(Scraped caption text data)
"""

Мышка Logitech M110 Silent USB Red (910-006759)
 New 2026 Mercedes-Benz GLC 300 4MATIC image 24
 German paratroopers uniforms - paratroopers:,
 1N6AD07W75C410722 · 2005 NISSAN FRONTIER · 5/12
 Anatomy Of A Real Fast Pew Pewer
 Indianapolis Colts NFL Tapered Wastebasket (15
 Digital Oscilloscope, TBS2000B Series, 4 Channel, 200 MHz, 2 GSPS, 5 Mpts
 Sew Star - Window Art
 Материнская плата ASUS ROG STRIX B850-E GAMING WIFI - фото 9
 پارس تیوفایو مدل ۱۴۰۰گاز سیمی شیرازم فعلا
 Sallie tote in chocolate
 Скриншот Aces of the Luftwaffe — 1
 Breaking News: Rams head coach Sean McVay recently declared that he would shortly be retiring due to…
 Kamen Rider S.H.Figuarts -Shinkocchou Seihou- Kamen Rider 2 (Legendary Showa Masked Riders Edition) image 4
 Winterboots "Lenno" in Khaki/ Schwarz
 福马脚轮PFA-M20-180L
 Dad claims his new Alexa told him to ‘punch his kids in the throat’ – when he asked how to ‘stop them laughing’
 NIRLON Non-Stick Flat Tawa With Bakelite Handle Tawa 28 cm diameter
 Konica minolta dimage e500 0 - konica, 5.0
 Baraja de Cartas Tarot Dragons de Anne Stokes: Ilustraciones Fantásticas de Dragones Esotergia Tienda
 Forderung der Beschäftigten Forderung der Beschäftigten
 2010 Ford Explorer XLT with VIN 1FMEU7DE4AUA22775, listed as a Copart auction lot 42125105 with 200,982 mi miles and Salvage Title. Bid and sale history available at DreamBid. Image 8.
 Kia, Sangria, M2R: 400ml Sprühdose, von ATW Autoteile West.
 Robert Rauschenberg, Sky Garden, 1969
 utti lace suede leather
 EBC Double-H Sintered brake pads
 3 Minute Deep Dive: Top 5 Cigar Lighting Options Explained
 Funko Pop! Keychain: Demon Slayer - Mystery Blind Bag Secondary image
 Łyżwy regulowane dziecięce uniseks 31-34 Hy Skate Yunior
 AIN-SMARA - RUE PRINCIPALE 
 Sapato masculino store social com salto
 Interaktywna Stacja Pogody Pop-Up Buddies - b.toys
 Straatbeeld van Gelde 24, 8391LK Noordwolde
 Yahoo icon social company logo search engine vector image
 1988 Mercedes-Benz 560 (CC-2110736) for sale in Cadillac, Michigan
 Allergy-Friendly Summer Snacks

"""

> _Your assignment_:
Could you set down, word for word, only the lines above from the line with "Baraja de Cartas" to the line with "AIN-SMARA - RUE PRINCIPALE", including both?

> _Output_:
 Baraja de Cartas Tarot Dragons de Anne Stokes: Ilustraciones Fantásticas de Dragones Esotergia Tienda
 Forderung der Beschäftigten Forderung der Beschäftigten
 2010 Ford Explorer XLT with VIN 1FMEU7DE4AUA22775, listed as a Copart auction lot 42125105 with 200,982 mi miles and Salvage Title. Bid and sale history available at DreamBid. Image 8.
 Kia, Sangria, M2R: 400ml Sprühdose, von ATW Autoteile West.
 Robert Rauschenberg, Sky Garden, 1969
 utti lace suede leather
 EBC Double-H Sintered brake pads
 3 Minute Deep Dive: Top 5 Cigar Lighting Options Explained
 Funko Pop! Keychain: Demon Slayer - Mystery Blind Bag Secondary image
 Łyżwy regulowane dziecięce uniseks 31-34 Hy Skate Yunior
 AIN-SMARA - RUE PRINCIPALE 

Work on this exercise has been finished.